Output the records that follow, keeping every line exactly as it is.

※ ※ ※

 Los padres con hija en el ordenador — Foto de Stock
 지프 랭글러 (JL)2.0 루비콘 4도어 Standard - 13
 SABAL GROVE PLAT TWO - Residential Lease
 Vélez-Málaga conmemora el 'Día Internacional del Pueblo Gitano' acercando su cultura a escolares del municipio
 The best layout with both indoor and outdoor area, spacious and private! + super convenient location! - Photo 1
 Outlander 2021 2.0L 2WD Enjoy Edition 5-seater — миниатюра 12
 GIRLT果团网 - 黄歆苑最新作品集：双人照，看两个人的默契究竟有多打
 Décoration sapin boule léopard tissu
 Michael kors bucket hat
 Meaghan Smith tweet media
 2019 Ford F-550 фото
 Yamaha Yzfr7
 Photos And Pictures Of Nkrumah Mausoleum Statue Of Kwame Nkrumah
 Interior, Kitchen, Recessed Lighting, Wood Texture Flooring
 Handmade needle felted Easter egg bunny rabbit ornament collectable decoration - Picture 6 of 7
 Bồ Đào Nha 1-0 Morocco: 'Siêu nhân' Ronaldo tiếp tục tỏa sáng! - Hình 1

※ ※ ※

**OUTPUT FOR THIS EXERCISE**
 Los padres con hija en el ordenador — Foto de Stock
 지프 랭글러 (JL)2.0 루비콘 4도어 Standard - 13
 SABAL GROVE PLAT TWO - Residential Lease
 Vélez-Málaga conmemora el 'Día Internacional del Pueblo Gitano' acercando su cultura a escolares del municipio
 The best layout with both indoor and outdoor area, spacious and private! + super convenient location! - Photo 1
 Outlander 2021 2.0L 2WD Enjoy Edition 5-seater — миниатюра 12
 GIRLT果团网 - 黄歆苑最新作品集：双人照，看两个人的默契究竟有多打
 Décoration sapin boule léopard tissu
 Michael kors bucket hat
 Meaghan Smith tweet media
 2019 Ford F-550 фото
 Yamaha Yzfr7
 Photos And Pictures Of Nkrumah Mausoleum Statue Of Kwame Nkrumah
 Interior, Kitchen, Recessed Lighting, Wood Texture Flooring
 Handmade needle felted Easter egg bunny rabbit ornament collectable decoration - Picture 6 of 7
 Bồ Đào Nha 1-0 Morocco: 'Siêu nhân' Ronaldo tiếp tục tỏa sáng! - Hình 1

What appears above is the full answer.